People with dementia can live well and there is more to them than dementia
Opened in 2016, Abbey House caters for people living with dementia. Learning & development officer and Dementia Champion, Kinga, and the rest of her dedicated team regularly organise events to raise awareness of dementia and allow the community to understand the key messages behind dementia care and living with dementia.
“I’ve been working with people living with dementia for 17 years now, my dissertation was about dementia and I have provided lots of different training on the subject. I started providing Dementia Friends sessions in 2014. When I joined the Abbey House team, I organised a few sessions for the team and still do. These team sessions are arranged at different times of the day, so it fits around the shift pattern. Dementia Friends is short, practical and informative: enough to spread awareness and give a taste for more.
The session organised for World Alzheimer’s Day (21st September) was special. From observations, it was clear than the need for it was there. We have had a few incidents where residents’ challenging behaviour occurred outside and as we are situated in the middle of a new development site surrounded by houses, neighbours would witness these incidents. I think it is important to stay open for the community.

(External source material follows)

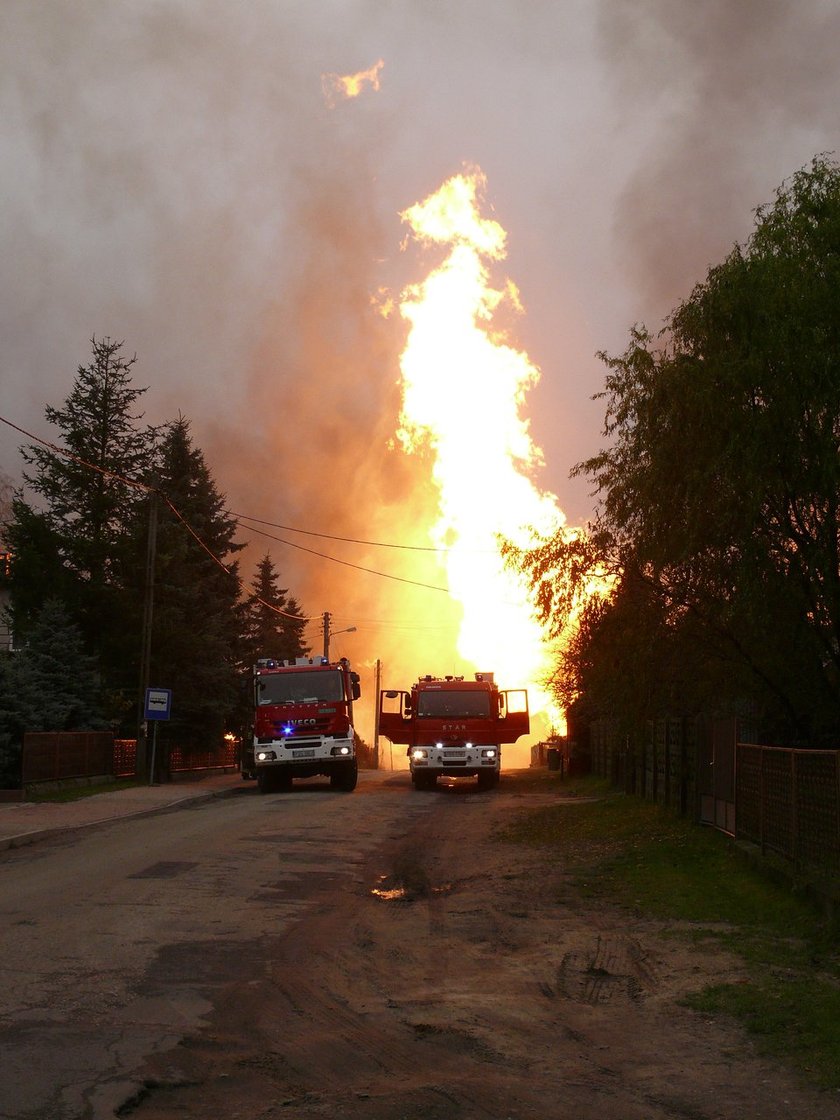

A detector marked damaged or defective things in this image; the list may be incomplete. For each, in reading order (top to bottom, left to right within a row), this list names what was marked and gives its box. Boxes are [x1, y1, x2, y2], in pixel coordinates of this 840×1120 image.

Instead of isolating the residents, we should spread awareness about their condition and possible actions.
During the sessions, we discuss five key messages about dementia: understanding the condition is key. We have activities like bingo (related to the topic) and some questions and answers. At the end of the session, participants are asked to come up with the action that will show their understanding; that could include talking to others about dementia and encouraging to sign up for the similar session, or updating their status on social media stating they have become a dementia friend. No action is too small.
Before the Dementia Friend event on the 21st September, I visited most of the local business owners to personally invite them to the session. I also pushed invitations through the letters boxes of our neighbours’ houses. Our neighbours’ are mostly young families, they might not have heard of dementia yet or think that as it hasn’t affected them yet, so there is no need for them to learn about it. We want these individuals to have the chance to understand and accept the condition as they could come across a person with dementia anywhere – from going shopping to using public places.

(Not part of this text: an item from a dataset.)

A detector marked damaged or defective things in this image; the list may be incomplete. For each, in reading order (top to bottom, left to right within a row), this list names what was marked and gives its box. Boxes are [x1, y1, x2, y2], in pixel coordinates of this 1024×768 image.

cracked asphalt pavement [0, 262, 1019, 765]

The turnout was not a big number but overall, the session went well. We had tears and lots of amazing comments. Relatives of people diagnosed often have an eye opening experience: they suddenly realise that whatever behaviour their loved one conveys is natural or typical and common for other patients. Two sisters attending asked for more sessions open to the public, as they would like their father to attend and understand their mum’s behaviour more.

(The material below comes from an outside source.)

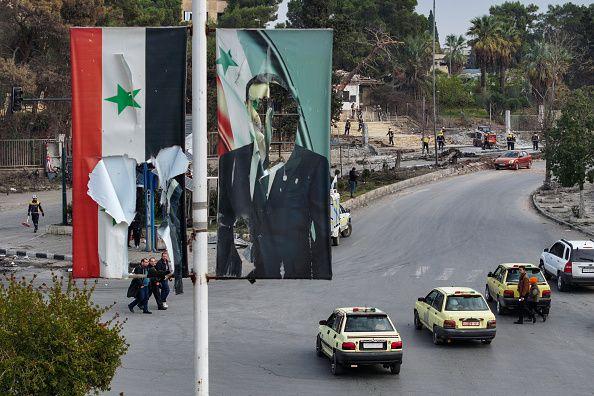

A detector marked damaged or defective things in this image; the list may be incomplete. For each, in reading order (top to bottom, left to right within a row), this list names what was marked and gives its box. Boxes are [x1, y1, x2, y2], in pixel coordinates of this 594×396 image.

torn syrian flag banner [71, 27, 187, 278]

I love observing the change in those who, very often, come feeling helpless, embarrassed and reluctant, thinking ‘it’s not going to change anything; I’m not really sure why I’m here’. At the end of the session, they are relieved and so grateful for all the tips and new knowledge they gained. What’s more important, they realised that it’s not as hopeless as they thought. People with dementia can live well and there is more to them than dementia. Those downhearted relatives learn that despite the degenerative and final nature of the condition, there’s plenty they can do to improve their own life and that of the diagnosed person.”